Peak current is 5A and the current starts 45° late.
What is a capacitor in an AC circuit with voltage of -jI/ωC equivalent to as a resistor?
A resistor with impedance -j/ωC. Because V=IR still applies
What is impedance?
Symbol Z. The complex equivalent of resistance. Consists of resistance (R) and reactance (X)
Z=R+Xj
Resistance loses energy whereas reactance stores and releases it
Which parts of impedance do capacitors and inductors have?
Only reactance not resistance. So only imaginary part of impedance.
When an inductor is in series with an AC current source, what do you do to find the voltage across it using the input current?
An inductor scales the input current by ωL and shifts its phase by π/2 (+π/2 in sin function) to get voltage. Comes from v=Ldi/dt for transient circuit and i=IpkSin(ωt+φ).
Means current lags voltage
What is an inductor with impedance ωLIj in series with an AC current source equivalent to as a resistor?
A resistor with impedance ωLj. Because V=IR still applies
General formula for RMS voltage
Vrms=sqrt( (1/T)Sv^2dt )
Where T is time period and integral is from 0 to T
S means integral
Formula for instantaneous power
p=(v^2)/R
Formula for average power for a resistor
P=(Vrms^2)/R
Derive the formula for Vrms for sinusoidal AC current
Start with Vrms^2=(1/T)Sv^2dt. Sub in 2π/ω for T and for v VpkSin(ωt+φ). Take out constant Vpk^2ω/2π. Use double angle formula to rewrite sin^2 function. Integrate between 2π/ω and 0 and some bits cancel (4π is 0). Expands and simplify to Vrms^2=(Vpk^2)/2. Square root both sides.
For a resistor and either capacitor or inductor in series in an AC circuit, why is the power dissipated across the both components not the Vrms x Irms across both?
Because the reactance (X) of the capacitor or inductor doesn’t dissipate power, only resistance does. This calculation gives apparent power (S).
What is the correct formula for power dissipated across a resistor and inducto/capacitor in series in an AC circuit when resistance is known?
P=Irms^2 x R
Or P=IVR (both rms)
Where R in VR is subscripts and means Vrms across the resistor
Or P=Irms^2 x Re(Z)
Where Z is combined impedance of both components
Derive formula for active power (P) in terms of Irms and Vrms for a resistor and inductor in series and AC circuit
Know P=Irms^2 x Re(Z).
Also V=IZ so Z=V/I=magnitude of Vrms/magnitude of Irms
Describe the power triangle
Right angled triangle with bottom line angle θ from hypotenuse.
Hypotenuse is apparent power, S (simple formula)
Adjacent is active power, P (with the power factor)
Opposite is reactive power, Q (mag(Irms^2) x X)

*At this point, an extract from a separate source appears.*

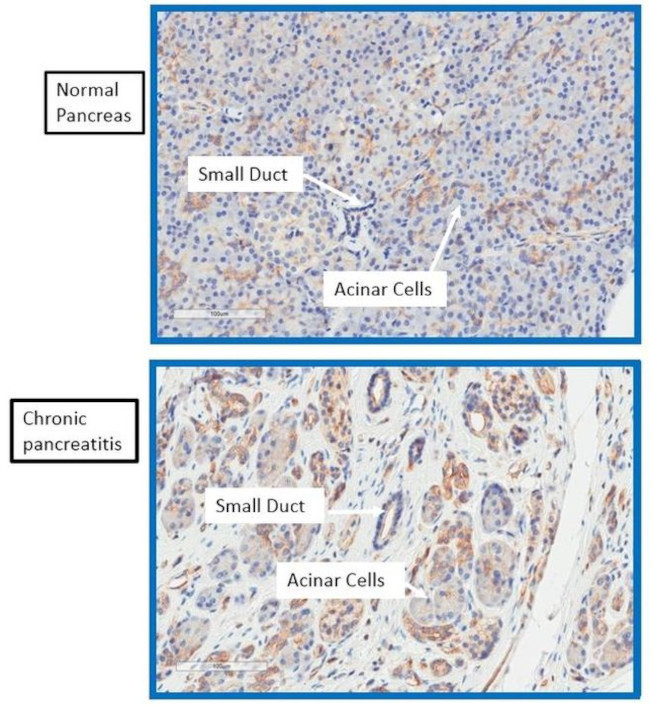 alpha Actinin 2 Antibody in Immunohistochemistry (IHC)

What do the 4 types of filter do?
Low-pass: voltages at low frequencies pass, voltages at high frequencies are blocked
High-pass: high frequency voltages pass
Band-pass: voltages between 2 frequencies pass
Band-stop: voltages between 2 frequencies are blocked
What is important to remember about the frequencies when finding if a certain frequency voltage passes?

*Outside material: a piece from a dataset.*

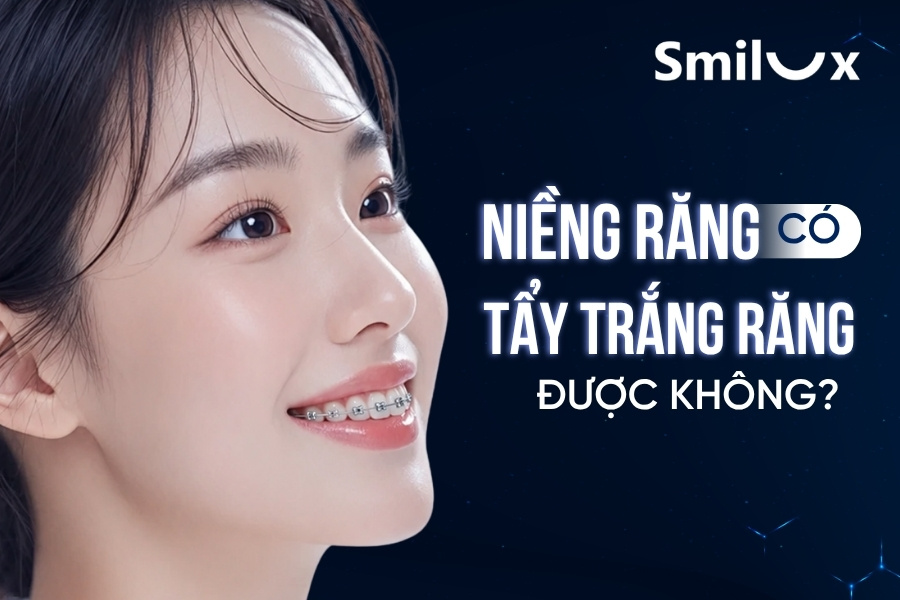 Niềng răng có tẩy trắng răng được không smilux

The frequency of the voltage is not an angular frequency so must use ω=2πf
What is gain?
The ratio of power out to power in. Measured in decibels (dB).
Formula of Gain(dB)=10log(Po/Pi)
Where Po is power out
Pi is power in
Both are magnitudes
It is also the square of voltage gain so =20log(Vo/Vi)

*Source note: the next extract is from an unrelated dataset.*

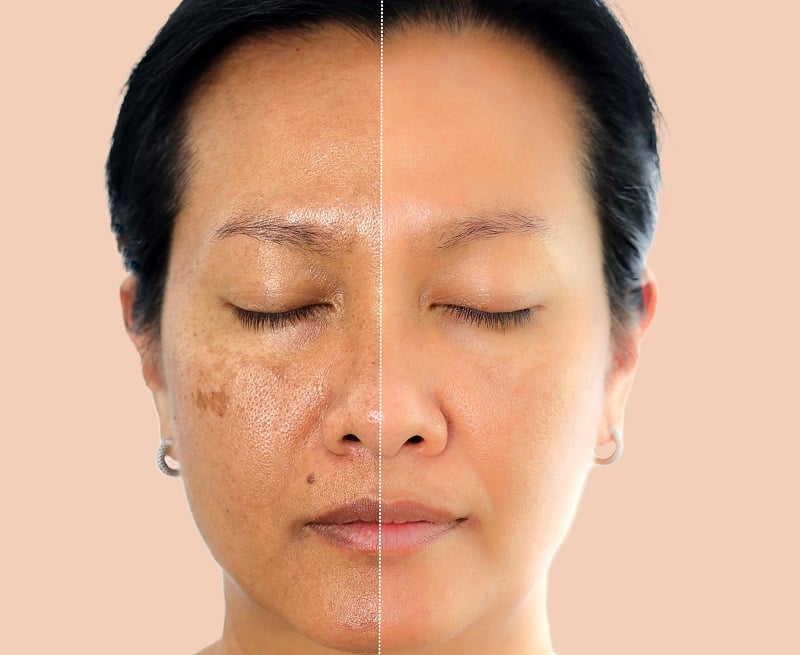 How-to-Protect-Your-Skin-moi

On a Bode plot, what is the maximum gain?
0dB
What is the corner frequency?
The critical frequency of voltage in an AC circuit where the gain is about -3dB. It’s when the term in the logarithm for finding gain multiplied by angular frequency equals 1.
Steps for drawing a Bode plot for high or low pass filter
The axes are gain(dB) against ω (logarithmic scale).
- Find corner frequency and plot it at 0dB
- Draw horizontal line from point to ω=0 (low pass) or ω=infinity (high pass)
- Draw line with gradient -20dB/decade from point to x axis for low pass (+ and to point for high pass)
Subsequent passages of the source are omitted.